Inworld TTS 1 is a generative text-to-speech model family developed by Inworld AI, optimized for real-time interactive applications such as gaming and conversational agents. The model employs a Speech-Language Model (SpeechLM) architecture, utilizing an autoregressive Transformer backbone to convert text into streaming audio tokens, which are then reconstructed into audio via a neural decoder. It is engineered for low-latency performance, aiming for a median response time of approximately 200 milliseconds to the first audio chunk.
The standard Inworld TTS 1 model features 1.6 billion parameters and is built upon a LLaMA-3.2-1B backbone, while a larger "Max" variant utilizes an 8.8B parameter backbone. The architecture supports high-resolution 48 kHz audio output and features zero-shot voice cloning capabilities, allowing for the creation of custom voices from short audio samples. At launch, the models supported 11 languages with a focus on prosodic consistency and emotional expression.

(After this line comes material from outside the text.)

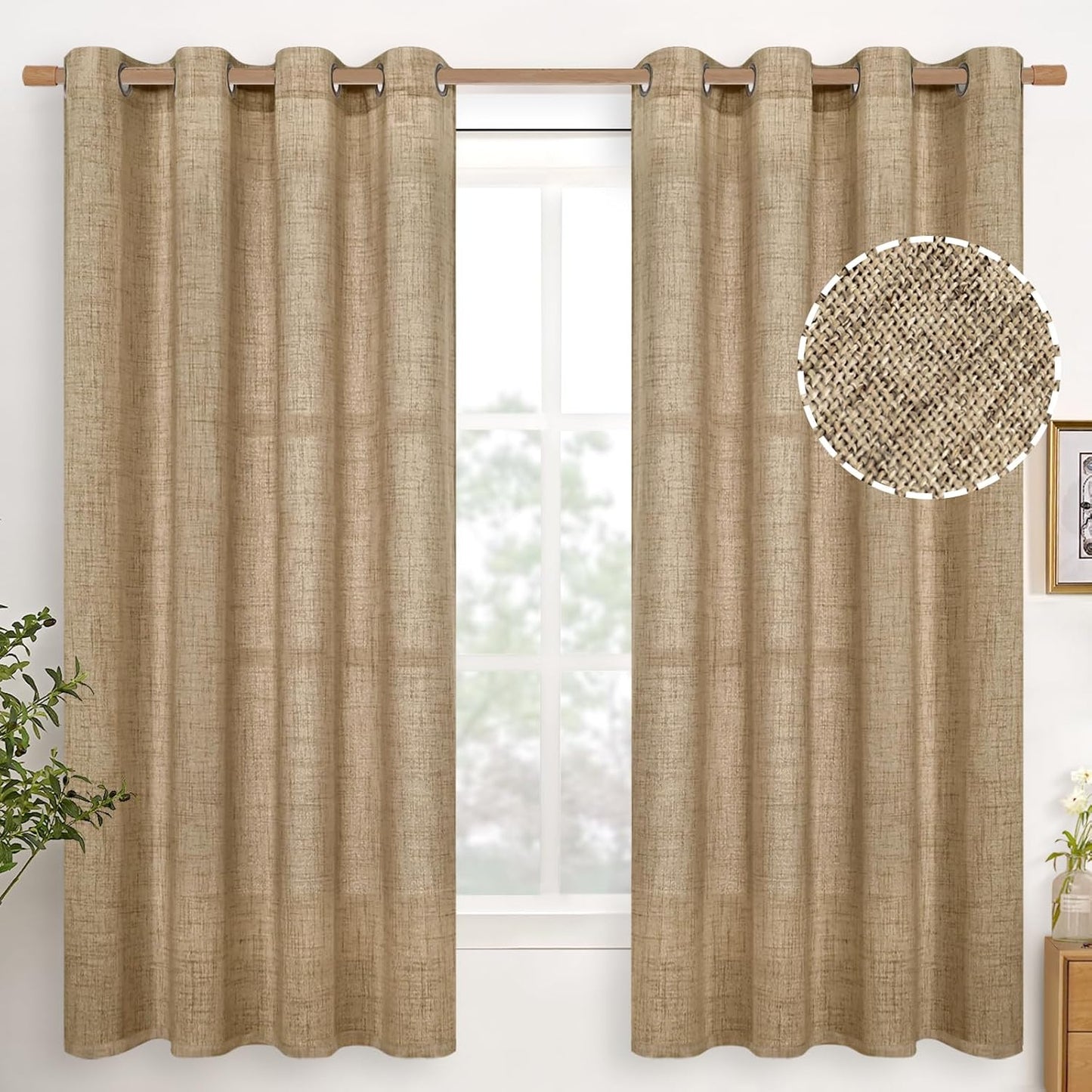 YoungsTex Burlap Linen Curtains 63 Inch Length 2 Panels for Bedroom, Toffee Tan Semi Sheer Drapes Textured with Bronze Grommet Light Filtering for Living Room Farmhouse, 52 X 63 Inch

The training of Inworld TTS 1 involved a three-stage framework, including large-scale pre-training on approximately 1 million hours of audio, supervised fine-tuning, and reinforcement learning alignment. The alignment stage utilized Group Relative Policy Optimization (GRPO) to optimize the model against perceptual quality metrics, improving stability and reducing word error rates in generated speech. The model also supports "audio markups," which provide fine-grained control over non-verbal vocalizations and emotional nuances like whispering.